Once that was done, we headed right back to the train station area for more info.
By 2:15pm, we were finally at the top viewing decks providing commanding views of the iconic Mt Fuji. But unfortunately the clouds had already started to cover the very top of the conical snow-capped mountain. Indeed, we probably missed a clear Fuji by a half-hour or so. So all those delays that led up to this added up and costed us.
We hoped tomorrow might bring similar weather, but you can never be sure about these things.
Still, we did see most of the mountain and it was only a pocket of clouds partially blocking the uppermost parts of the mountain. I guess it could be worse.
After this excursion, we ran a few errands buying some cheap pastries and liquids at liquor stores as well as a few ice creams to cool us down.
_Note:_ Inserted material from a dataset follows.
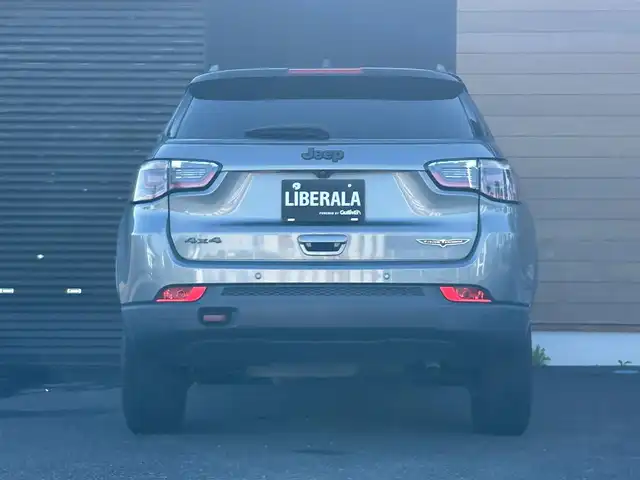 クライスラー・ジープ ジープ コンパス トレイルホーク 宮崎県 2020(令2)年 5.7万km グレー 純正メモリーナビ/・Bluetooth/・AM/FM/・AUX/・USB/・フルセグテレビ/キセノンヘッドランプ/・アダプティブクルーズコントロール/・前後コーナーセンサー/・ブラインドスポットモニター/・オートライト/・オートマチックハイビーム/・ダウンヒルアシストコントロール/・パーキングアシスト/・レーンキープアシスト/ブラックハーフレザーシート/ETC/純正フロアマット/純正17インチアルミホイール/プッシュスタート/スマートキー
The interior had sort of a charming old traditional Japanese feel to it (the vendor said this building was 150 years old). Unfortunately, they only accepted cash payments and the food wasn’t cheap. So we ended up splitting some combo that costed 4200 yen. Fortunately, it was filling but I’d say the food was ordinary. It was really the novelty of it (and the fact it was one of two restaurants that appeared in LP) that got Julie to want us to come here.
When we left the restaurant, we noticed that Mt Fuji’s top was revealed once more. I theorized that perhaps the cooling weather kind of made the clouds start to dissipate again. So we returned to the Station Inn at 6:30pm and tried to take photos of the mountain in its form (boo on those power lines running across the view), but we sure wished we were at the Cable Car or some scenic lakeside view at this point.
And rubbing it in was the annoying crosswalks by the Kawaguchiko Station constantly playing some kind of annoying toy music. It’s driving us insane like the good ‘ol fashioned Chinese water torture.